Paolo Bettini ist wieder Weltmeister

Stuttgart - Die Wut diktiert gleich hinter der Ziellinie die Gesten des Weltmeisters. Paolo Bettini formt seine Arme zu einem Gewehr, mit dem er dreimal imaginär in die Luft ballert. Der pantomimische Anschlag des Radprofis gilt der Stadt Stuttgart im Allgemeinen und ihrem Organisationskomitee (OK) im Besonderen. Das leitet die Sportbürgermeisterin Susanne Eisenmann, die vor dieser Straßen-WM mit allen Mitteln einen Start des Titelverteidigers im Profi-Rennen am Sonntag verhindern wollte, was ihr ganz offensichtlich misslungen ist. Den Höhepunkt der Stuttgarter WM-Woche gewinnt mit Bettini also eine erklärte Unperson. Platz zwei geht an den Russen Alexander Kolobnew, Dritter wird 20 Kilometer von seiner Wohnung in Nürtingen entfernt der Schwabe Stefan Schumacher (26).

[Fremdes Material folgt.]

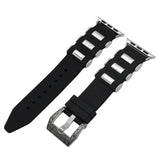 Apple Apple Watch Series 5 4 3 2 Band, Silicone Rubber Steel Tang Buckle Band Wrist Strap Sports Bracelet Black 38mm, 42mm
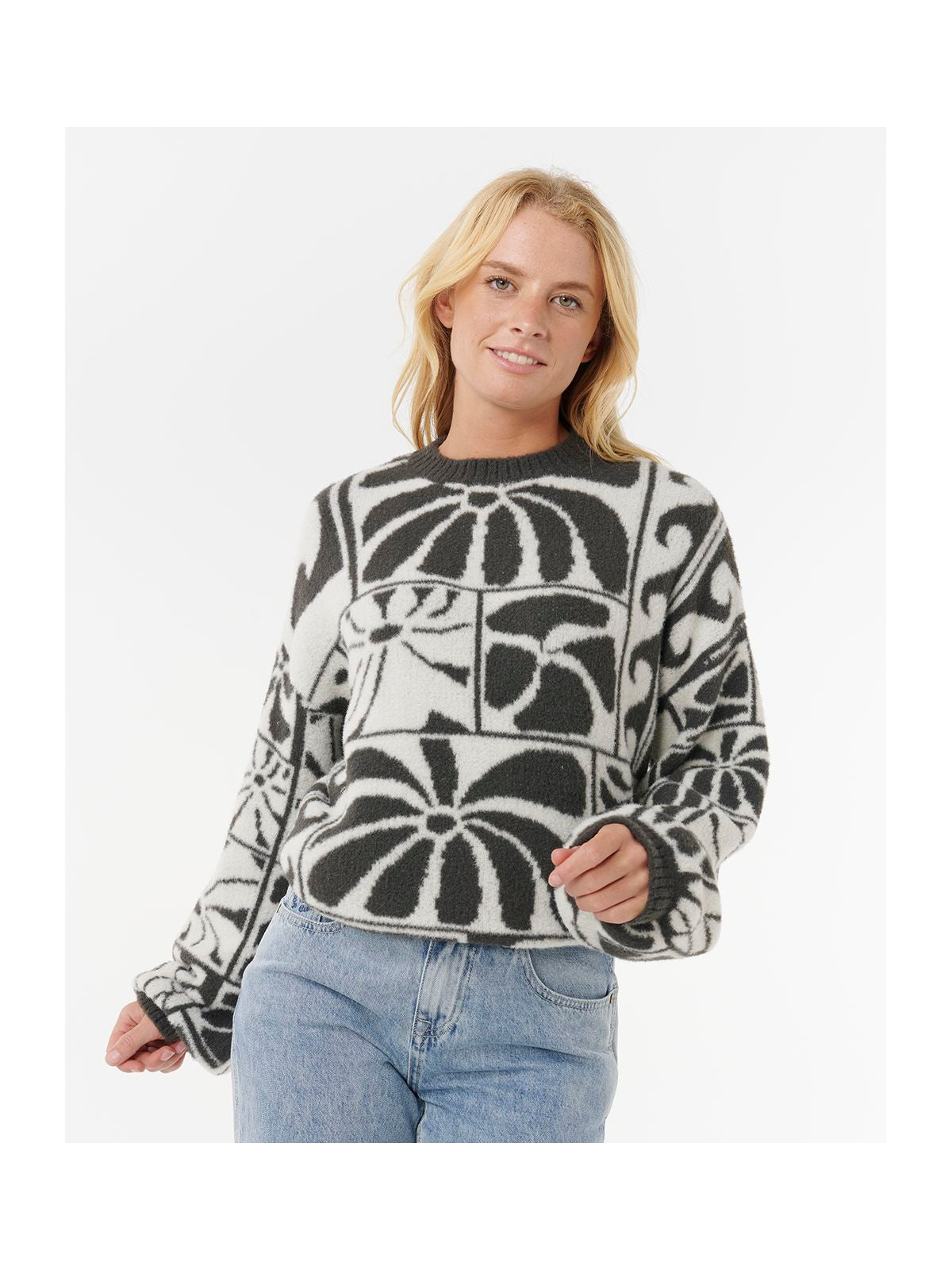 Sweter RIP CURL AOTS-TY WILLIAMS JACQUARD CREW czarny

Der Hahnenkampf der Funktionäre eskalierte am Donnerstag, als Eisenmann mit einer einstweiligen Verfügung Bettinis WM-Stopp erstreiten wollte. Der italienische Olympiasieger und Titelverteidiger hatte die Ehrenerklärung des Weltverbandes UCI nur in einer abgeänderten Form unterschrieben. Ausgespart hatte er den Passus, wonach er im Falle eines positiven Doping-Tests sein Jahresgehalt an die UCI überweisen sollte. Das Stuttgarter Landgericht entschied pro Bettini, Begründung: Die Ehrenerklärung sei nicht rechtsverbindlich.

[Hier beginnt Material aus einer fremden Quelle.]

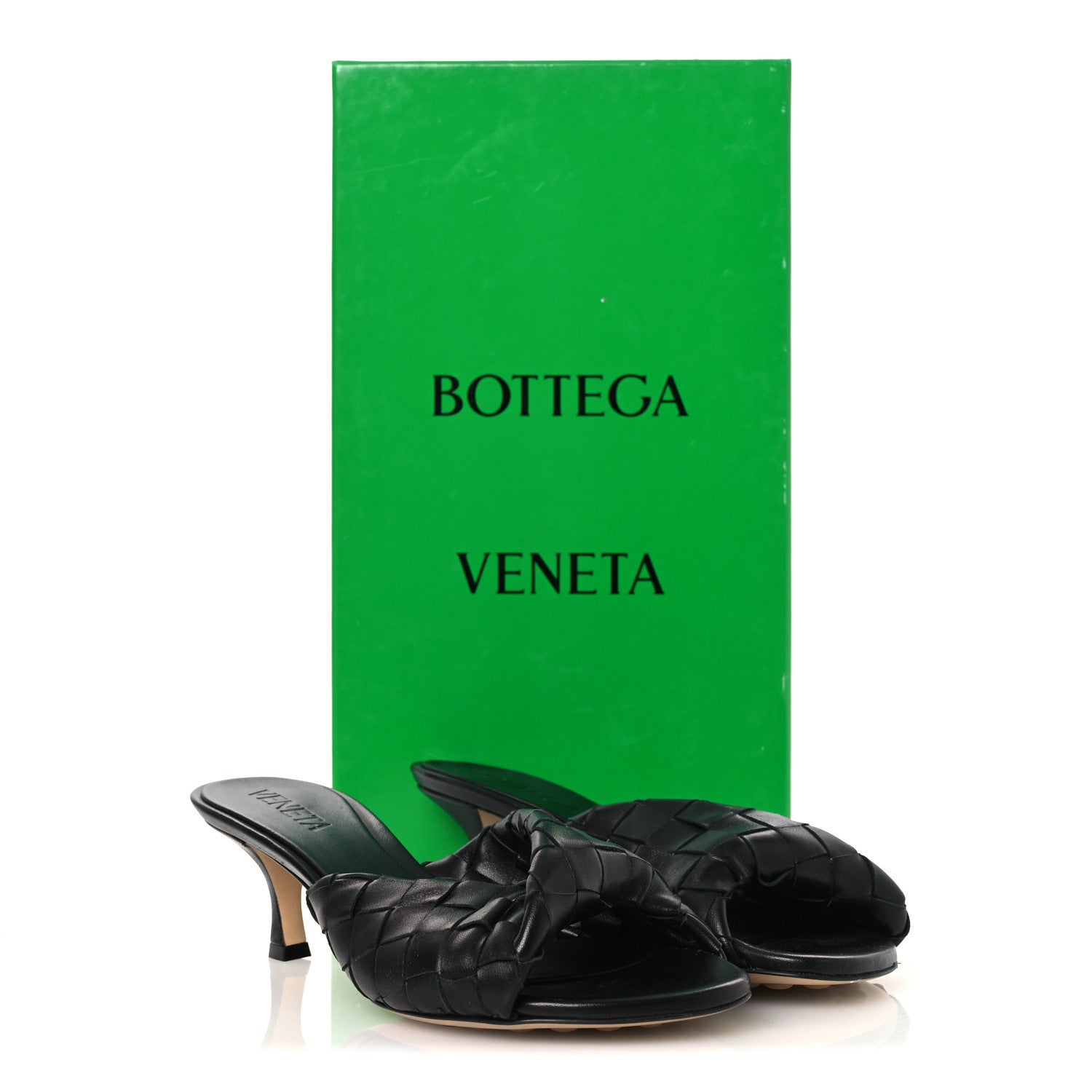 BOTTEGA VENETA ミュール Bottega Veneta Nappa Intrecciato Blink Mule Sandals 39.5 Black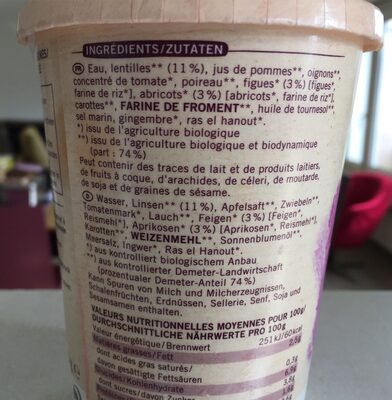 Daal Oriental aux figues nutrition facts table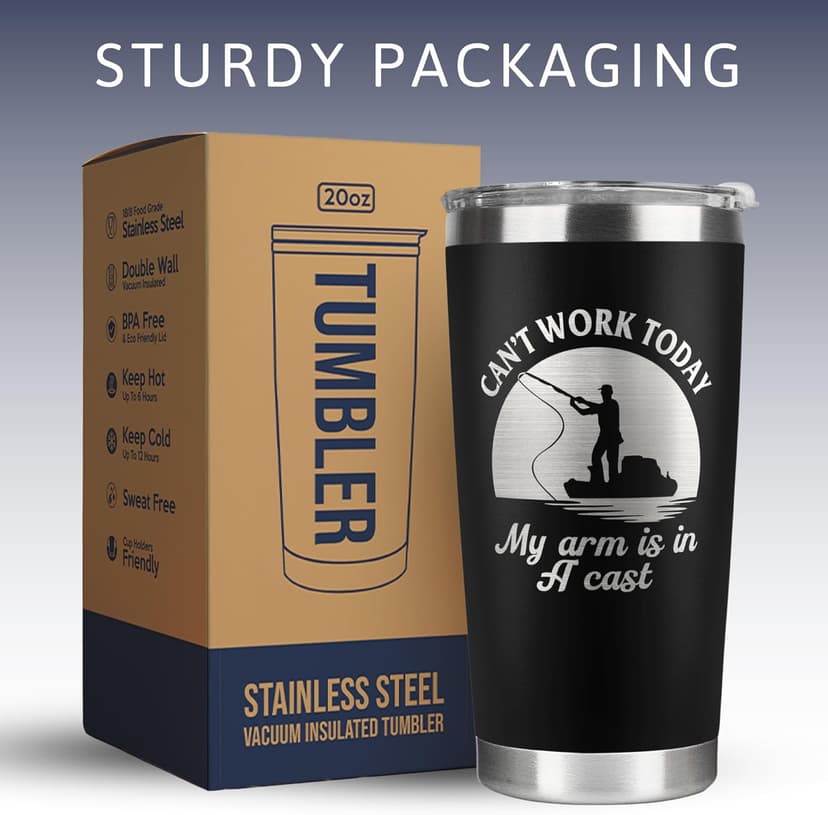 Fishing Gifts for Men - Gifts for Fisherman - Fisherman Gift for Men, Boys - Fishing Fathers Day Gift for Him - Fish Coffee Mug - 20 Oz Stainless Steel Tumbler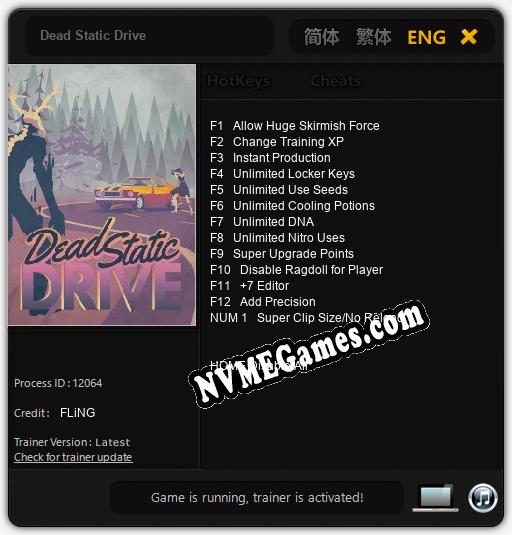 Dead Static Drive: Cheats, Trainer +13 [FLiNG]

Stuttgart will nicht zahlen

Eine Stunde nach dem Rennen erzählt Bettini (33) dann von seinem erfolgreichen Tag, zunächst sagt er: „Ich bin immer noch wütend.“ Die Gewehr-Szene habe „niemandem Speziellen“ gegolten, „das war eine instinktive Sache. Aber es haben so viele Menschen in dieser Woche auf mich geschossen, da habe ich jetzt eben zurückgeschossen“. Bettini wird jedoch weitaus mehr vorgeworfen als die fehlende Unterschrift unter ein wertloses Original-Papier. Der des Dopings überführte Hesse Patrik Sinkewitz bezeichnet seinen einstigen Team-Kollegen Bettini als Dealer für seine Substanzen. Die UCI reagierte darauf nicht.

Die Sinkewitz-Anklage empfindet Bettini „als Kampagne gegen mich. Da ist nichts dran“. Weil seine Version wiederum „die Wahrheit“ sein soll, kündigte Bettinis Anwalt nun eine Verleumdungsklage gegen die Stuttgarter WM-Organisatoren und das ZDF an, das die Sinkewitz-Vorwürfe veröffentlicht hatte.

Die Bettini-Debatte war Teil einer misslungenen WM, die als „Neuanfang des Radsports“ geplant war. Dazu ist es nicht gekommen, die Titelkämpfe wurden von Auseinandersetzungen der Funktionäre überlagert. Die Streitereien setzten sich auch am Wochenende fort, als Eisenmann ankündigte, die vertraglich vereinbarten Zahlungen in Höhe von 600 000 Euro an die UCI und von 75 000 Euro an den Bund Deutscher Radfahrer zurückzuhalten. Die Begründung formulierte Oberbürgermeister Wolfgang Schuster, der auch zum OK gehört: „Wir geben keine Steuergelder an Verbände, die Doping nicht konsequent bekämpfen.“

Damit meinte er nicht nur die Starterlaubnis für Bettini, sondern auch diejenige, die sich der potenzielle Fuentes-Kunden Alejandro Valverde aus Spanien gerichtlich erstritten hatte; zudem passte den Organisatoren die Teilnahme des geständigen deutschen Dopers Erik Zabel, gestern 18., nicht. UCI-Chef Pat McQuaid sagte nun in Richtung Schuster und Eisenmann: „Nach der WM werden wir die nötigen Schritte einleiten.“ Das will auch Stuttgart. Den Verlust von bis zu einer Million Euro will sie ihrerseits mit einer Schadensersatzklage wegen Imageverlusts gegen die UCI kontern.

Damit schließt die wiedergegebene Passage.